Serial analysis of gene expression (SAGE) was applied for profiling expressed genes in rice seedlings. In the SAGE method, a 9–11 bp fragment (tag) represents each transcript, and frequency of a tag in the sample directly reflects the abundance of the respective mRNA. We studied 10 122 tags derived from 5921 expressed genes in rice (Oryza sativa L.) seedlings, among which only 1367 genes (23.1%) matched the rice cDNA or EST sequences in the DNA database. SAGE showed that most of the highly expressed genes in rice seedlings belong to the category of housekeeping genes (genes encoding ribosomal proteins or proteins responsible for metabolism and cell structure). Unexpectedly, the most highly expressed gene in rice seedlings was a metallothionein (MT) gene, and together with three other messages for MT, it accounts for 2.7% of total gene expression. To our knowledge, this is the first quantitative study of global gene expression in a higher plant. We further applied the SAGE technique to identify differentially expressed genes between anaerobically treated and untreated rice seedlings. Additionally, we show that a longer cDNA fragment can be easily recovered by PCR using the SAGE tag sequence as a primer, thereby facilitating the analysis of unknown genes identified by tag sequence in SAGE. In combination with micro-array analysis, SAGE should serve as a highly efficient tool for the identification and isolation of differentially expressed genes in plants.
Owing to the recent development of genome projects in various organisms, sequence information for genes is accumulating at an unprecedented pace. However, our understanding of the biological functions of genes is being left far behind. Expression analysis of genes comprises one of the most important parts of gene-function studies. High-throughput, quantitative methods for gene expression analysis are currently required to meet this goal. Conventional techniques such as Northern blotting, RNA dot blotting and RT–PCR methods allow the evaluation of only a limited number of genes at one time. To identify genes that are differentially expressed in two samples, differential screening ( Kiyosue et al. 1994 ) or differential display ( Liang & Pardee 1992) techniques have been increasingly applied. Although useful for scaling-up, these methods are not very accurate in quantitatively monitoring differences in gene expression.
Serial analysis of gene expression (SAGE), developed by Velculescu et al. (1995) , allows a highly accurate, quantitative analysis of expression of thousands of genes at a time, and recommends itself as an efficient tool for gene expression studies in the post-genomic era.
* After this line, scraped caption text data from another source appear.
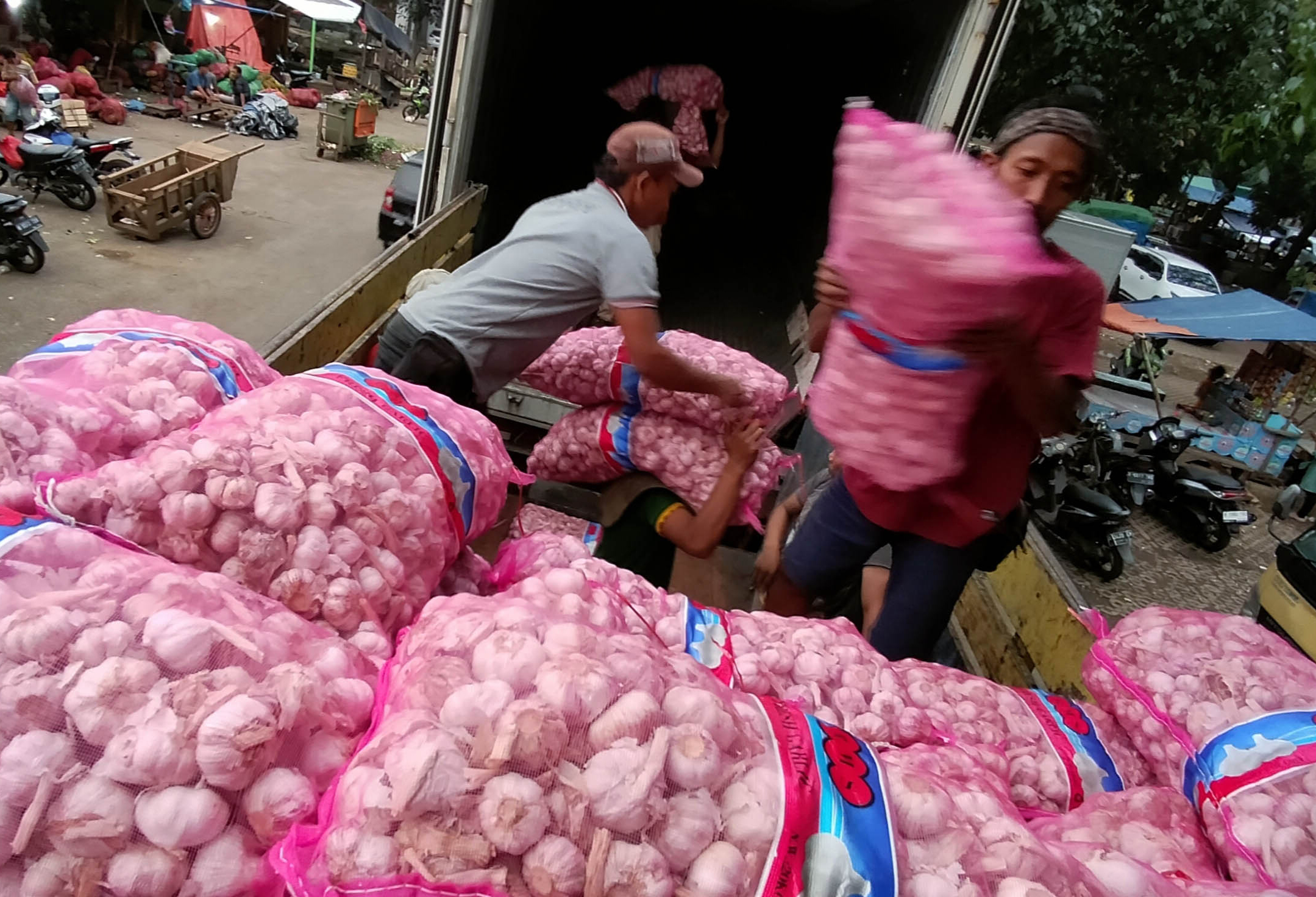 Harga Bawang Putih di Palu Masih Terpantau Tinggi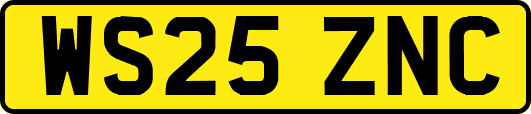 WS25ZNC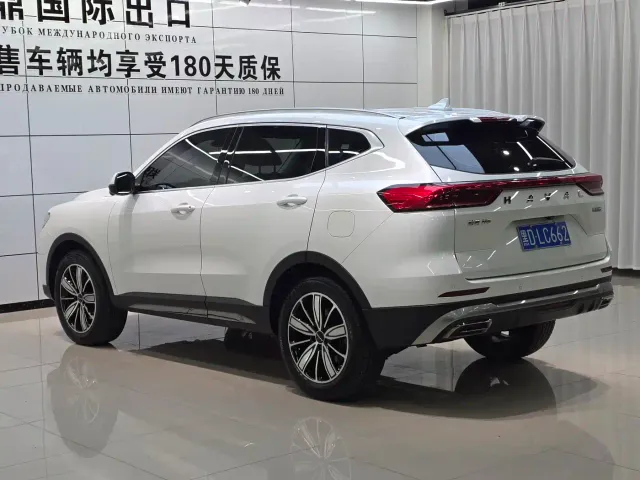 Haval Haval H6 2021 Model National Trend Edition 1.5T Auto Champion — Фото автомобиля 6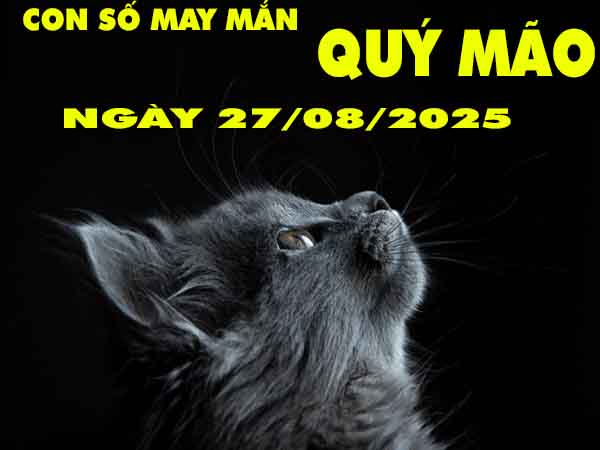 Con số may mắn tuổi Quý Mão ngày 27/8/2025 thứ 4 hôm nay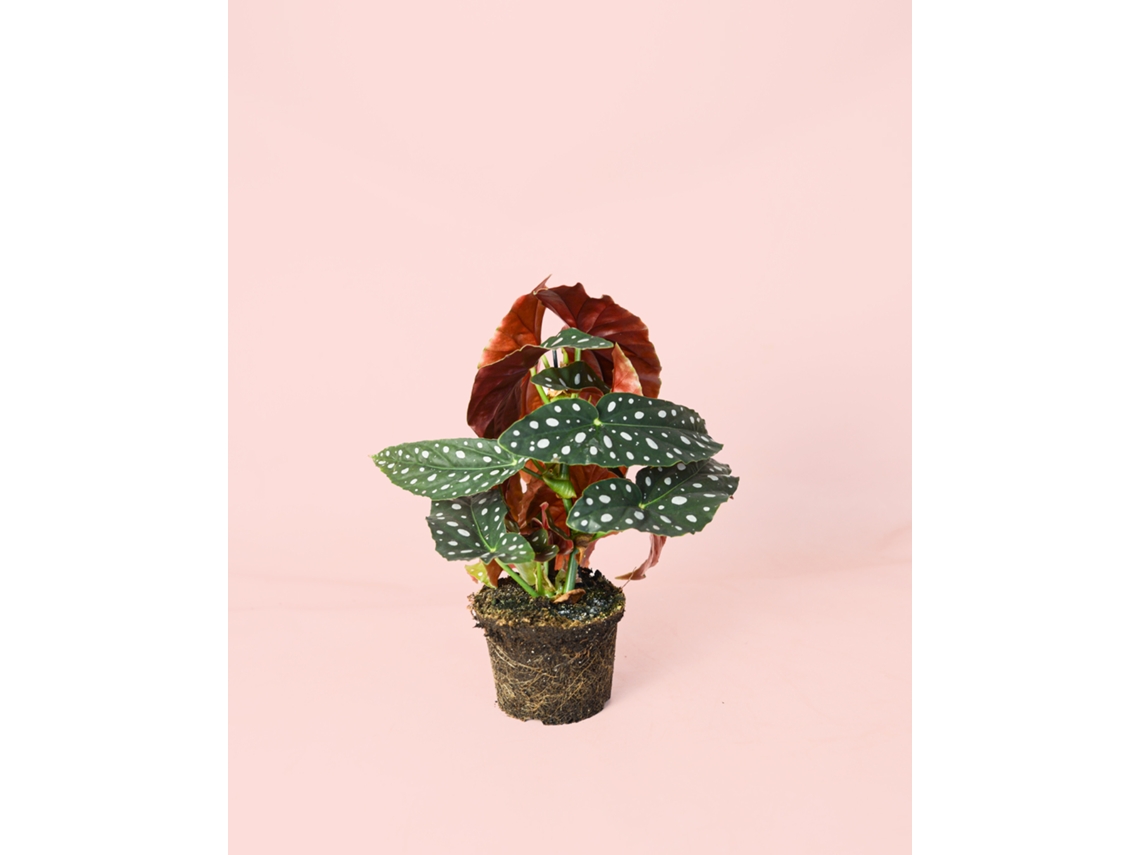 Begonia Maculata 14 Cm – Begônia De Pintas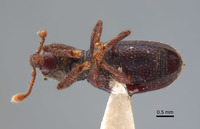 Alaocybites rothi image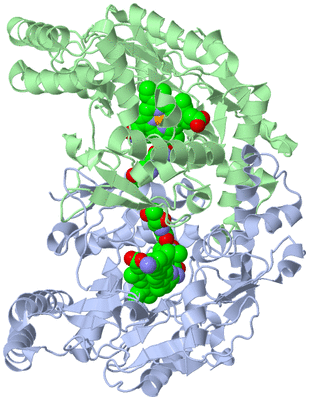 Image Asym./Biol. Unit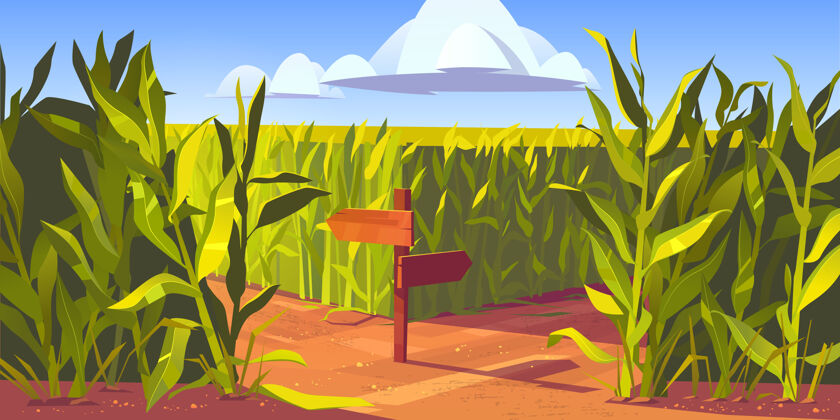 玉米绿色的玉米植株和玉米田之间的沙路 带有箭头和交通标志的木柱农田农业景观 自然风光卡通插画种植牌匾指针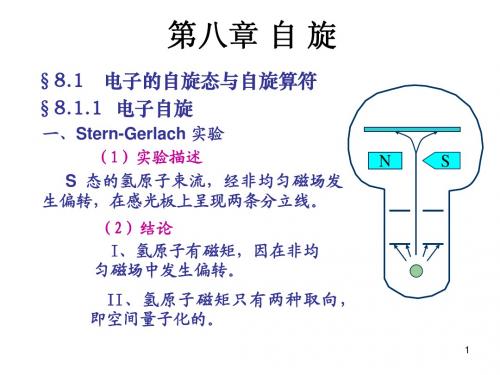 第八章 自旋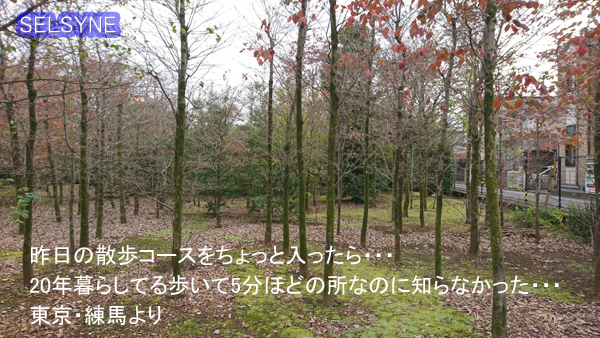 昨日の散歩コースをちょっと入ったら・・・　20年暮らしてる歩いて5分ほどの所なのに知らなかった・・・　東京・練馬より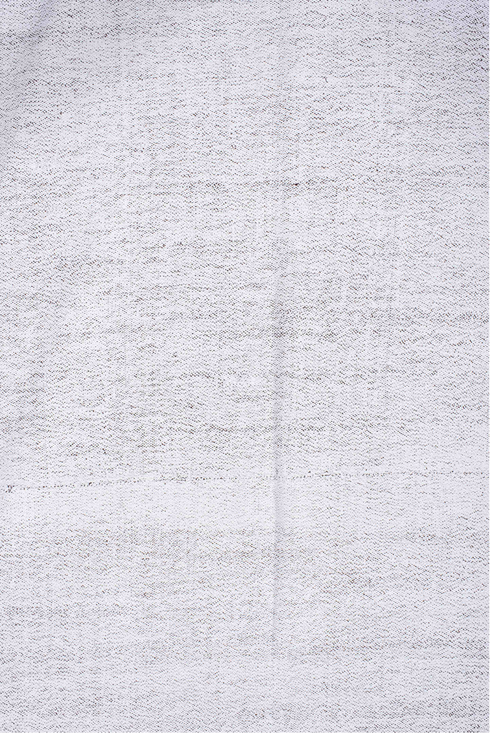 Antique Flatweave Area Rug (7' x 12')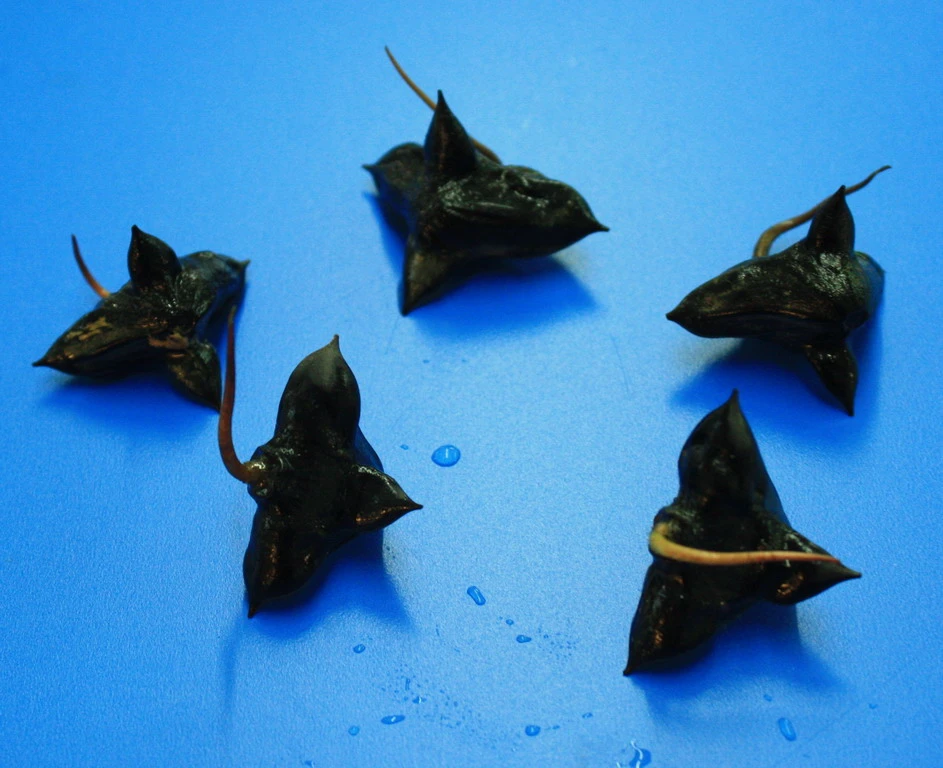 Wassernuss - Wasserkastanie / Trapa natans Wassernuss - Wasserkastanie / Trapa Natans -Wfw Wasserflora D P1065OK 1 4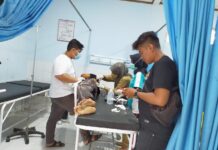 Tragis, Adik Kandung Bunuh Kakanya Sendiri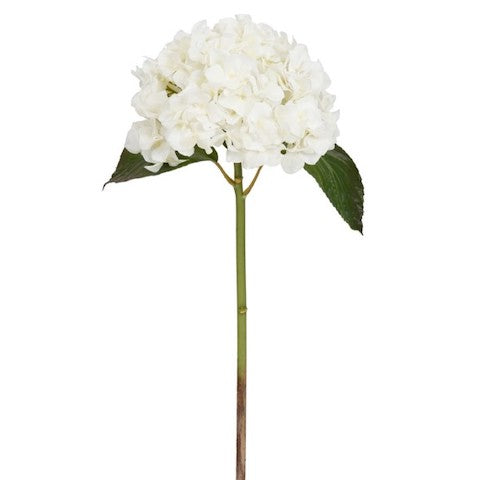 White Hydrangea Stem w/leaves 18"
Briefly, a 9–11 bp DNA fragment (tag) adjacent to the NlaIII site located closest to the 3′ end of each cDNA is extracted by a series of linker-ligations and restriction digestions. Tags are once amplified by PCR, concatenated, cloned into a plasmid vector and sequenced. The frequency of each tag in the sequence directly reflects the abundance of each mRNA in the tissue. The size of tags (9 bp) contains sufficient information to uniquely identify the genes, provided that it is extracted from defined positions of the transcripts. The possible maximum number of different tag sequences (49 = 262 144) is far more than the estimated number of genes in plants (15 000–33 000 in Arabidopsis, Cooke et al. 1996 ), ensuring the unique identification of a gene by the tag sequence. SAGE analysis has been successfully applied for transcript profiling in yeast ( Velculescu et al. 1997 ), and the identification of differentially expressed transcripts in normal and cancer cells of humans ( Zhang et al. 1997 ). A comparison of SAGE profiles between cancer cells and p53-introduced cancer cells identified genes that are presumably involved in p53-mediated apoptosis ( Polyak et al. 1997 ), demonstrating the power of SAGE for elucidating the genetic cascades controlled by transcription factors.
Here we report the use of the SAGE technique to study rice gene expression. To our knowledge this is the first application of SAGE for studying plant genes. For the first attempt, we studied gene expression profiles of rice seedlings by extracting a total of 10 122 tags. Differential gene expression between anaerobically treated and untreated rice seedlings was studied by extracting >2000 tags from each sample, which allowed the identification of 24 differentially expressed genes. We further show that a longer cDNA sequence can be easily recovered by PCR using the 13 bp SAGE tag sequence as a primer for the 3′-RACE. This will allow rapid isolation of the entire cDNA of interest, even if the SAGE tag shows no match in the pre-existing EST database.
Results and Discussion
As the material for the first application of SAGE analysis to rice, we used 5-day-old etiolated seedlings. PolyA+ RNA, which was subsequently converted to double-stranded cDNA, was isolated from whole seedlings. The original SAGE protocol ( Velculescu et al. 1995 ) was followed except for three changes: (i) for efficient PCR amplification of the ditags different primer sets from the original protocol were used; (ii) biotinylation of PCR primers and the removal of linker fragments by streptavidin-coated magnet beads before concatenation ( Powell 1998); and (iii) size fractionation (>400 bp) of concatenated ditags before cloning into a plasmid vector. In our hands these alterations were essential for successful cloning of concatemers larger than 400 bp (>26 tags).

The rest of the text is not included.